Facing facts, not all college students enter business programs. Those doing so will likely enjoy this information – others are likely to shudder. Another fact is that few High School graduates know anything about a cost-benefit analysis. This article will simplify the cost analysis so that anyone can know before enrolling what to expect financially upon graduation.
About the Cost-Benefit Analysis of Attending College
Polling data indicates that many people today do not believe that the benefits of going to college outweigh the costs. At the same time, polling data indicates that most parents want their children to attend a college or university, so there is pressure.
However, few parents and teens take the time to weight the costs against the benefits of attending college. Those who do will readily determine whether the intended program of study will be beneficial to the graduate or too costly to be of use.
The simple reason most do not perform a cost-benefit analysis is because they do now know how.

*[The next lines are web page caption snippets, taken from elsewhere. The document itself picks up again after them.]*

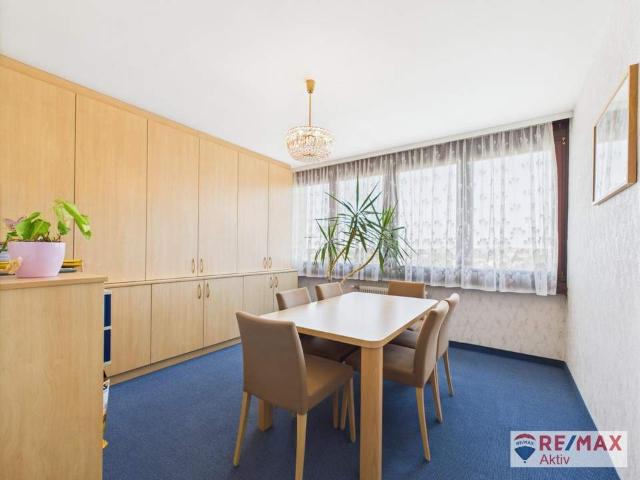 3,5 Zimmer Wohnung mit Potential im 6. Stock mit Aufzug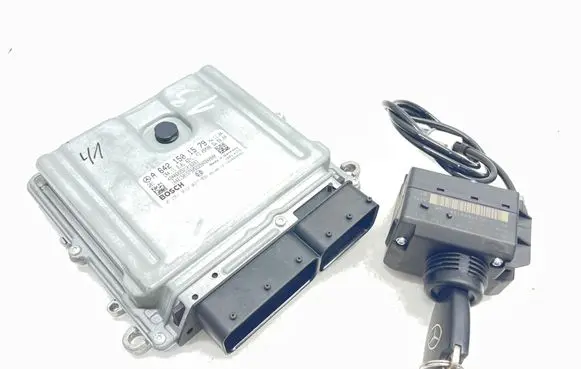 Mercedes-Benz E W211 Engine ECU kit and lock set 2115452308 A6421501579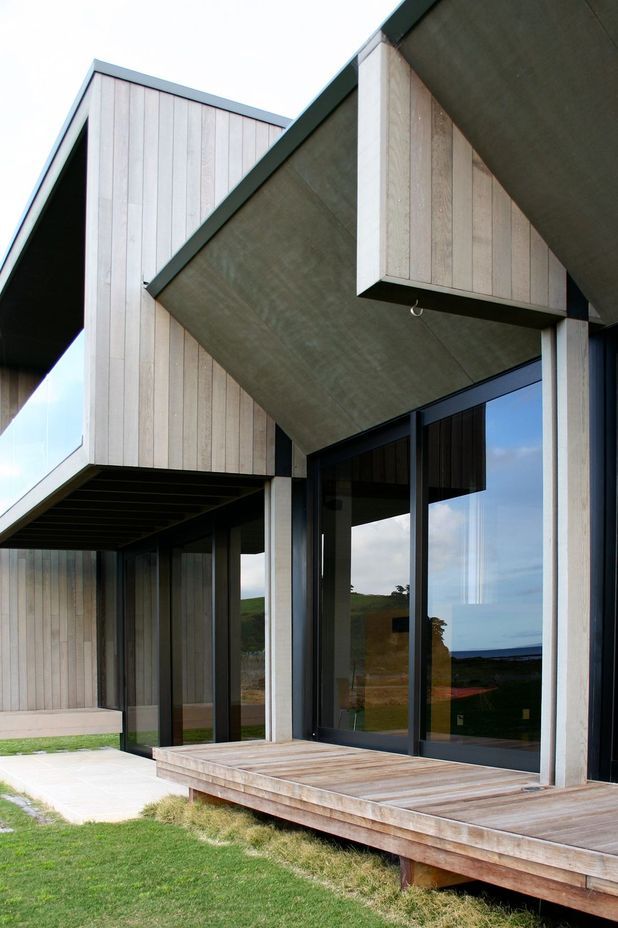 Omaha Beach House by Daniel Marshall Architects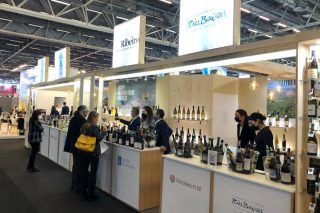 Galicia promociona por primeira vez de forma conxunta os seus viños, augardentes e licores en Vinexpo-París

A Simple Way to Do a Cost-Benefit Analysis
Doing a cost-benefit analysis does not have to be a complicated, drawn out process. One simple way is to open a spreadsheet. Treat this much like creating a simple budget. In fact, if planning to work while in school, it helps to incorporate a budget into the analysis.

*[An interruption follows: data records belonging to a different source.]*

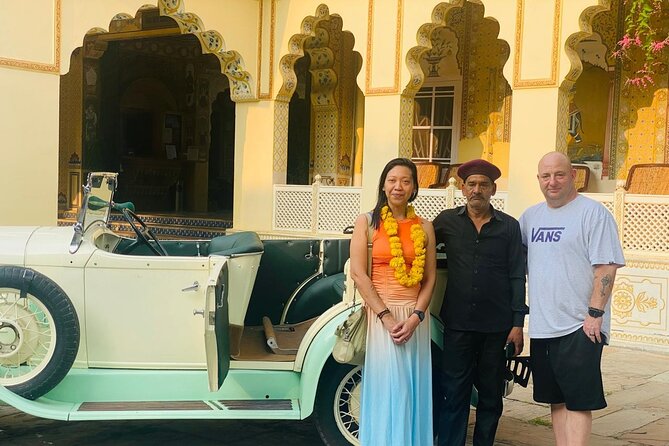 Half-Day Jaipur Heritage Tour with Monkey Temple - Jal Mahal: the Water Palace you see from the road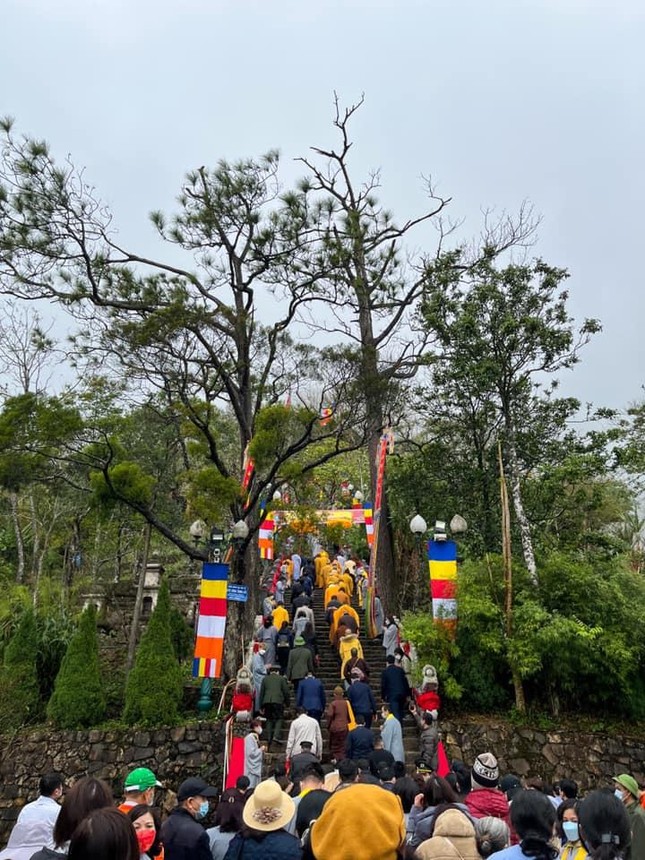 Cung rước chư tôn đức từ chân núi đến Huệ Quanh kim tháp và chùa Hoa Yên Cung rước chư tôn đức từ chân núi đến Huệ Quanh kim tháp và chùa Hoa Yên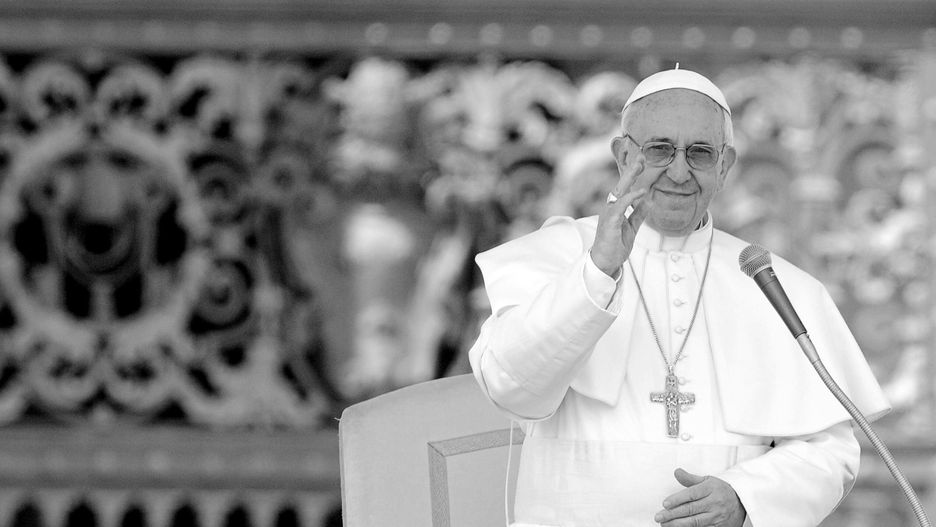 Papież a kobiety. "Tak" dla rozdawania komunii, "nie" dla święceń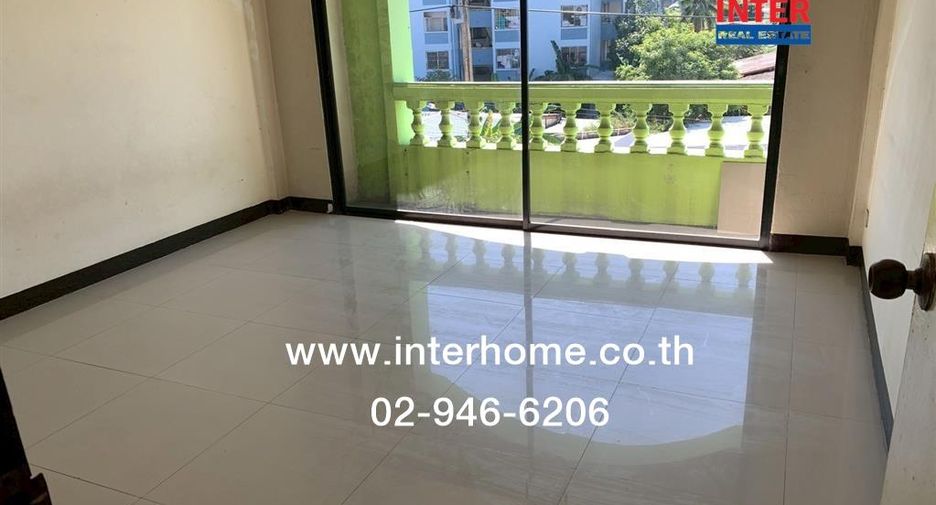 For sale 3 bedrooms retail Space in Sai Mai, Bangkok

The simplest way to do this analysis is to create a column for the costs of attending one or more preferred colleges.
Add rows for Tuition for each semester attended. Learn how much tuition increases each year and adjust accordingly. Add rows for the cost of books, student housing if applicable, and any other costs which may arise.
Then add a section which considers the expected costs of loans upon graduation.
Add columns which account for the expected wages upon graduation. An excellent source for accurate information related to jobs is the Bureau of Labor Statistics. Keep in mind, however, that BLJ stats are averages – students will enter the workforce at lower than average wages.
Also, consider the role of wages locally. Do a search for job titles and the average wages in the area in which a student expects to live.
Enter the figures into the spreadsheet and a good rule of thumb is to be conservative when entering expected wages.
Drawing Conclusions from the Cost-Benefit Analysis
Once projected wages and future costs of attending college are in the spreadsheet, simple formulas subtracting costs from wages can provide an understanding needed to draw conclusions.
This is where adding a projected living budget really comes in handy. If all the costs upon graduation exceed the anticipated wages, a student may want to reconsider a few things.
Can a less expensive technical school provide the needed skills?
Can the student plan to live in a more affordable location upon graduation?
Will the wages of the planned career adequately cover the costs of attendance?
Would a different degree program better serve the needs of the graduating student?
These are important questions, but only by planning the costs and expected benefits (wages) can a student know beforehand whether the desired college and/or program will provide well enough to make it worthwhile.
A cost-benefit analysis need not be complicated, but it does need to be done.